Work request:
Please copy out every line in the records below that includes the word "Picture".

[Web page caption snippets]
------------------------------------
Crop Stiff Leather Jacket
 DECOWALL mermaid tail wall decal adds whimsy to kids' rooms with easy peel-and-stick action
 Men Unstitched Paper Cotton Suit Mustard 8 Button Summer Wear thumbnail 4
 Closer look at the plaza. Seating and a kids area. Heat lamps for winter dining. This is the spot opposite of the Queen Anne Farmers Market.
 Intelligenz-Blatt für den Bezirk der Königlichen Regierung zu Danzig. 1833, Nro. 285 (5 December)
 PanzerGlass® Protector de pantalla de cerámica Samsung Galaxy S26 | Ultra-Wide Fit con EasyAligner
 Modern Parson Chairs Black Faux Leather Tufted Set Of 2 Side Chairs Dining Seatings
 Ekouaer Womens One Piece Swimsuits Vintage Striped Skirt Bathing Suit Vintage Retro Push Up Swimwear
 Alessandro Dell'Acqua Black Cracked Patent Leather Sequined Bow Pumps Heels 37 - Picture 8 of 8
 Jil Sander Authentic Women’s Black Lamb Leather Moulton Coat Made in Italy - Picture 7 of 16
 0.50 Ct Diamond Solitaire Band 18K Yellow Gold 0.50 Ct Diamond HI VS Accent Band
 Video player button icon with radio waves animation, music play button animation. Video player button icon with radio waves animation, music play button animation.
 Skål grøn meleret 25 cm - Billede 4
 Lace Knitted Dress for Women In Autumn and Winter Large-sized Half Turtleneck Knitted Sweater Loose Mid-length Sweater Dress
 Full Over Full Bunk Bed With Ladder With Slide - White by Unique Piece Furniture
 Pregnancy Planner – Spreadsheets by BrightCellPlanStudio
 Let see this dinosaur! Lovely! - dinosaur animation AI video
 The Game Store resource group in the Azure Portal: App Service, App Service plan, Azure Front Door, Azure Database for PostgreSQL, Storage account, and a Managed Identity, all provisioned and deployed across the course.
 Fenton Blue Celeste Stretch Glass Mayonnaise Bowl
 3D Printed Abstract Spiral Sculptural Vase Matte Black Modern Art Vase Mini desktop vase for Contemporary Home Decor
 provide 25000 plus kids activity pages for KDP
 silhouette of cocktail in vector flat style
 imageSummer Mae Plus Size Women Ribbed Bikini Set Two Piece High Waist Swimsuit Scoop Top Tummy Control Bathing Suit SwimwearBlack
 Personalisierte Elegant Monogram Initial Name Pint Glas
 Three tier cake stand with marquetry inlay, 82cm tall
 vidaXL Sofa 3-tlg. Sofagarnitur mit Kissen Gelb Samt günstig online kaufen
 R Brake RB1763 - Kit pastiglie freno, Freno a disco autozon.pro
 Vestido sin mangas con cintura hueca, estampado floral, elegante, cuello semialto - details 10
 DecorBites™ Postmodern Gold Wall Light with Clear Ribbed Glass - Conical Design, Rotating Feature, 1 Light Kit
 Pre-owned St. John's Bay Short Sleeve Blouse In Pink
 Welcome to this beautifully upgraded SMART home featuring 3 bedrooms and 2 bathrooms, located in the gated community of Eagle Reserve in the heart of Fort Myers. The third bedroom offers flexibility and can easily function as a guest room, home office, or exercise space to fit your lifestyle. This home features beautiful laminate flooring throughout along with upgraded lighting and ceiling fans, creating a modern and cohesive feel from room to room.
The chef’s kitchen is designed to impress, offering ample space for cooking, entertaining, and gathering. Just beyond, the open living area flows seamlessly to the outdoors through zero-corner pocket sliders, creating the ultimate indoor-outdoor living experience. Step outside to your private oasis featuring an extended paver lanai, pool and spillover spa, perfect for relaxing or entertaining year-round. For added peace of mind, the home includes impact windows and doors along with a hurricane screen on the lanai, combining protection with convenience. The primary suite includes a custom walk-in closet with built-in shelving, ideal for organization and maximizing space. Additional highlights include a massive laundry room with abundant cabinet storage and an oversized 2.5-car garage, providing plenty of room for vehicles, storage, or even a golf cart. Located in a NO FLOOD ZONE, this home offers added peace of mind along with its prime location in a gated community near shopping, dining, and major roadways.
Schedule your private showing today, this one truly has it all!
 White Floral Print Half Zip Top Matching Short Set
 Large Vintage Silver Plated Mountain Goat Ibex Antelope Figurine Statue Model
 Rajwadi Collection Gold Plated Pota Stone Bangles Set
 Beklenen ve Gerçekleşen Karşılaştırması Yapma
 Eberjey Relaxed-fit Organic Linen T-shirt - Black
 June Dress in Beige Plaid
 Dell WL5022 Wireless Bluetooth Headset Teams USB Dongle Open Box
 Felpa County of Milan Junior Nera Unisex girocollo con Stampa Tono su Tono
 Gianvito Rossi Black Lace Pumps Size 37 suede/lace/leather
------------------------------------
Answer space:
 Alessandro Dell'Acqua Black Cracked Patent Leather Sequined Bow Pumps Heels 37 - Picture 8 of 8
 Jil Sander Authentic Women’s Black Lamb Leather Moulton Coat Made in Italy - Picture 7 of 16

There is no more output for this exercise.